Kepala Ekonom Trimegah Sekuritas Indonesia Fakhrul Fulvian menilai, investor tidak lagi sekadar menunggu angka-angka dalam RAPBN 2027. Pasar justru membutuhkan gambaran besar mengenai arah kebijakan ekonomi pemerintah ke depan.
"Dalam kondisi normal, pasar biasanya fokus pada angka defisit, target pertumbuhan, atau asumsi makro. Namun tahun ini berbeda. Pasar tidak kekurangan data. Pasar justru membutuhkan direction," ujar Fakhrul dalam keterangannya, Jumat (14/8/2026).
Menurut dia, pasar ingin melihat bagaimana kebijakan fiskal, moneter, pembiayaan pembangunan, dan strategi eksternal Indonesia disusun dalam satu kerangka kebijakan yang utuh.

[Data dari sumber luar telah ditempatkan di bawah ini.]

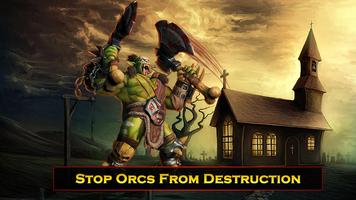 Orc Horde War: Zombie Monsters Attack Survival capture d'écran 1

Terlebih, sejumlah parameter fiskal RAPBN 2027 telah cukup terprediksi. Pemerintah dan DPR sebelumnya menyepakati target pertumbuhan ekonomi 2027 sebesar 5,8 persen-6,5 persen , defisit fiskal 1,8 persen-2,4 persen terhadap PDB, serta asumsi nilai tukar rupiah Rp16.800-Rp17.500 per dolar AS.
Karena itu, perhatian investor diperkirakan lebih banyak tertuju pada narasi kebijakan yang disampaikan pemerintah dibandingkan perubahan angka-angka tersebut.